-- SOURCE INFORMATION follows --

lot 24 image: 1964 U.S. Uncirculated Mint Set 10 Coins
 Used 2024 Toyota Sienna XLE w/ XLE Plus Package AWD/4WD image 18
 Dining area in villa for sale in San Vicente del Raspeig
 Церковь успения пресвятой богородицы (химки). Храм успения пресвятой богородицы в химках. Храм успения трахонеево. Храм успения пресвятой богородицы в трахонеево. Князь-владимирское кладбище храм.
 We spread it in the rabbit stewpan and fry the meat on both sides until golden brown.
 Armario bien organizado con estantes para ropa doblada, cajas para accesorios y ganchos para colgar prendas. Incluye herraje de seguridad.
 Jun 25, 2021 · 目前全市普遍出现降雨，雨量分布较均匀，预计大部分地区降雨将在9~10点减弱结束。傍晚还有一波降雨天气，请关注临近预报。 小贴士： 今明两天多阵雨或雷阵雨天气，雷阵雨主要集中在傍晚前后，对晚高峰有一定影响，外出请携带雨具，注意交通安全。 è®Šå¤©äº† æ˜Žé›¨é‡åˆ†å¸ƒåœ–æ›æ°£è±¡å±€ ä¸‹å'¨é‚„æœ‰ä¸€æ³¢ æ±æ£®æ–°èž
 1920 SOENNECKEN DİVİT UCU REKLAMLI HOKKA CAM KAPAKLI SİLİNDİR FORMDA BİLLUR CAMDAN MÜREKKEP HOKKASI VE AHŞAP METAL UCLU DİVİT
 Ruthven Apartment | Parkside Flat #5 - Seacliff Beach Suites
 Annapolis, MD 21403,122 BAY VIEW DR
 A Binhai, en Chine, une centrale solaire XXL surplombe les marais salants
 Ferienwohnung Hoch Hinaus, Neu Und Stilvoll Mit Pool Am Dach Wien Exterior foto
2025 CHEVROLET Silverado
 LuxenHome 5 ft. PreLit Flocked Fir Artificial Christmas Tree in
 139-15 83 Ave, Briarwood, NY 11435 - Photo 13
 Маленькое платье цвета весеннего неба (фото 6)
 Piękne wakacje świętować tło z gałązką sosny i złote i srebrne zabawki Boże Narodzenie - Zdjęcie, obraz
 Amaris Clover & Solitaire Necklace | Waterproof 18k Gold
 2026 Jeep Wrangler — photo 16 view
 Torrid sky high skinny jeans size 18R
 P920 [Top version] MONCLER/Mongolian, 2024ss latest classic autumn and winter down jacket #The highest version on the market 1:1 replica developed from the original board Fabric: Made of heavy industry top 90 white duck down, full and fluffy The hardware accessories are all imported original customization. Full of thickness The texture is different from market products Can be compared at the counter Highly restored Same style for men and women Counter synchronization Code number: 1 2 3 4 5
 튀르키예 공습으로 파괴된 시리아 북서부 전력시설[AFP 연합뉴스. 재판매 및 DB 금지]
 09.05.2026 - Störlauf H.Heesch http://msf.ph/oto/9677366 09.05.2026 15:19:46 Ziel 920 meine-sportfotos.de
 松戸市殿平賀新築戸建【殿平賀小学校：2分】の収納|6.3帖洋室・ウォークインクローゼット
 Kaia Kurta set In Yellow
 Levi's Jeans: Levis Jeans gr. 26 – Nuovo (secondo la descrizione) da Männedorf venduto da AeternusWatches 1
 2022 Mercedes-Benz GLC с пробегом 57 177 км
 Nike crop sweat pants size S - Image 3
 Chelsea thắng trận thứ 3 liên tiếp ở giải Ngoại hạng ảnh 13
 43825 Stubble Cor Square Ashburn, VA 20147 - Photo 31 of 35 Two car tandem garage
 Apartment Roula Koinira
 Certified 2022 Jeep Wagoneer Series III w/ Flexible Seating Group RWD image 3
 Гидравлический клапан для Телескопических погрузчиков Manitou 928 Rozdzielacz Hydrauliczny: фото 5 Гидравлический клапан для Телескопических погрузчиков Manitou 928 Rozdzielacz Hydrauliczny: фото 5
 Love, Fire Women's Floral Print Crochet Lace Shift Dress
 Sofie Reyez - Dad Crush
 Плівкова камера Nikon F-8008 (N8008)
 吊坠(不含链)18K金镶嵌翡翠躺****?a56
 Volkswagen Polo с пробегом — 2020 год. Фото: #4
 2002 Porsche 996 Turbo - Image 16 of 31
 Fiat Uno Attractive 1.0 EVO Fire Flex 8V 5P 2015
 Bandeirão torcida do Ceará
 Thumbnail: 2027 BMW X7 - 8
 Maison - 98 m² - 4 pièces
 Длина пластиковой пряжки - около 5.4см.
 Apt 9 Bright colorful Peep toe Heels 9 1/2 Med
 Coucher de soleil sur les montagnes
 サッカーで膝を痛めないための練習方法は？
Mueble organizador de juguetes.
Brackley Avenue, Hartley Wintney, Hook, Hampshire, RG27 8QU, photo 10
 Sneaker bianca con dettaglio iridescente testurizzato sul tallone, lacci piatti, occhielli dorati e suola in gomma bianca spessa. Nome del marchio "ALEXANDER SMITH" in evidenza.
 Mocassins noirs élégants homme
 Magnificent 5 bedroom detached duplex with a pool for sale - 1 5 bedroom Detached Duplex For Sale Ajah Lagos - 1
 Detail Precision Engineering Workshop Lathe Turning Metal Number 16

-- SOURCE INFORMATION concluded --

EXERCISE REQUIREMENTS –
Nothing in the entries should be skipped. Output them all exactly.

RESULT –
lot 24 image: 1964 U.S. Uncirculated Mint Set 10 Coins
 Used 2024 Toyota Sienna XLE w/ XLE Plus Package AWD/4WD image 18
 Dining area in villa for sale in San Vicente del Raspeig
 Церковь успения пресвятой богородицы (химки). Храм успения пресвятой богородицы в химках. Храм успения трахонеево. Храм успения пресвятой богородицы в трахонеево. Князь-владимирское кладбище храм.
 We spread it in the rabbit stewpan and fry the meat on both sides until golden brown.
 Armario bien organizado con estantes para ropa doblada, cajas para accesorios y ganchos para colgar prendas. Incluye herraje de seguridad.
 Jun 25, 2021 · 目前全市普遍出现降雨，雨量分布较均匀，预计大部分地区降雨将在9~10点减弱结束。傍晚还有一波降雨天气，请关注临近预报。 小贴士： 今明两天多阵雨或雷阵雨天气，雷阵雨主要集中在傍晚前后，对晚高峰有一定影响，外出请携带雨具，注意交通安全。 è®Šå¤©äº† æ˜Žé›¨é‡åˆ†å¸ƒåœ–æ›æ°£è±¡å±€ ä¸‹å'¨é‚„æœ‰ä¸€æ³¢ æ±æ£®æ–°èž
 1920 SOENNECKEN DİVİT UCU REKLAMLI HOKKA CAM KAPAKLI SİLİNDİR FORMDA BİLLUR CAMDAN MÜREKKEP HOKKASI VE AHŞAP METAL UCLU DİVİT
 Ruthven Apartment | Parkside Flat #5 - Seacliff Beach Suites
 Annapolis, MD 21403,122 BAY VIEW DR
 A Binhai, en Chine, une centrale solaire XXL surplombe les marais salants
 Ferienwohnung Hoch Hinaus, Neu Und Stilvoll Mit Pool Am Dach Wien Exterior foto
2025 CHEVROLET Silverado
 LuxenHome 5 ft. PreLit Flocked Fir Artificial Christmas Tree in
 139-15 83 Ave, Briarwood, NY 11435 - Photo 13
 Маленькое платье цвета весеннего неба (фото 6)
 Piękne wakacje świętować tło z gałązką sosny i złote i srebrne zabawki Boże Narodzenie - Zdjęcie, obraz
 Amaris Clover & Solitaire Necklace | Waterproof 18k Gold
 2026 Jeep Wrangler — photo 16 view
 Torrid sky high skinny jeans size 18R
 P920 [Top version] MONCLER/Mongolian, 2024ss latest classic autumn and winter down jacket #The highest version on the market 1:1 replica developed from the original board Fabric: Made of heavy industry top 90 white duck down, full and fluffy The hardware accessories are all imported original customization. Full of thickness The texture is different from market products Can be compared at the counter Highly restored Same style for men and women Counter synchronization Code number: 1 2 3 4 5
 튀르키예 공습으로 파괴된 시리아 북서부 전력시설[AFP 연합뉴스. 재판매 및 DB 금지]
 09.05.2026 - Störlauf H.Heesch http://msf.ph/oto/9677366 09.05.2026 15:19:46 Ziel 920 meine-sportfotos.de
 松戸市殿平賀新築戸建【殿平賀小学校：2分】の収納|6.3帖洋室・ウォークインクローゼット
 Kaia Kurta set In Yellow
 Levi's Jeans: Levis Jeans gr. 26 – Nuovo (secondo la descrizione) da Männedorf venduto da AeternusWatches 1
 2022 Mercedes-Benz GLC с пробегом 57 177 км
 Nike crop sweat pants size S - Image 3
 Chelsea thắng trận thứ 3 liên tiếp ở giải Ngoại hạng ảnh 13
 43825 Stubble Cor Square Ashburn, VA 20147 - Photo 31 of 35 Two car tandem garage
 Apartment Roula Koinira
 Certified 2022 Jeep Wagoneer Series III w/ Flexible Seating Group RWD image 3
 Гидравлический клапан для Телескопических погрузчиков Manitou 928 Rozdzielacz Hydrauliczny: фото 5 Гидравлический клапан для Телескопических погрузчиков Manitou 928 Rozdzielacz Hydrauliczny: фото 5
 Love, Fire Women's Floral Print Crochet Lace Shift Dress
 Sofie Reyez - Dad Crush
 Плівкова камера Nikon F-8008 (N8008)
 吊坠(不含链)18K金镶嵌翡翠躺****?a56
 Volkswagen Polo с пробегом — 2020 год. Фото: #4
 2002 Porsche 996 Turbo - Image 16 of 31
 Fiat Uno Attractive 1.0 EVO Fire Flex 8V 5P 2015
 Bandeirão torcida do Ceará
 Thumbnail: 2027 BMW X7 - 8
 Maison - 98 m² - 4 pièces
 Длина пластиковой пряжки - около 5.4см.
 Apt 9 Bright colorful Peep toe Heels 9 1/2 Med
 Coucher de soleil sur les montagnes
 サッカーで膝を痛めないための練習方法は？
Mueble organizador de juguetes.
Brackley Avenue, Hartley Wintney, Hook, Hampshire, RG27 8QU, photo 10
 Sneaker bianca con dettaglio iridescente testurizzato sul tallone, lacci piatti, occhielli dorati e suola in gomma bianca spessa. Nome del marchio "ALEXANDER SMITH" in evidenza.
 Mocassins noirs élégants homme
 Magnificent 5 bedroom detached duplex with a pool for sale - 1 5 bedroom Detached Duplex For Sale Ajah Lagos - 1
 Detail Precision Engineering Workshop Lathe Turning Metal Number 16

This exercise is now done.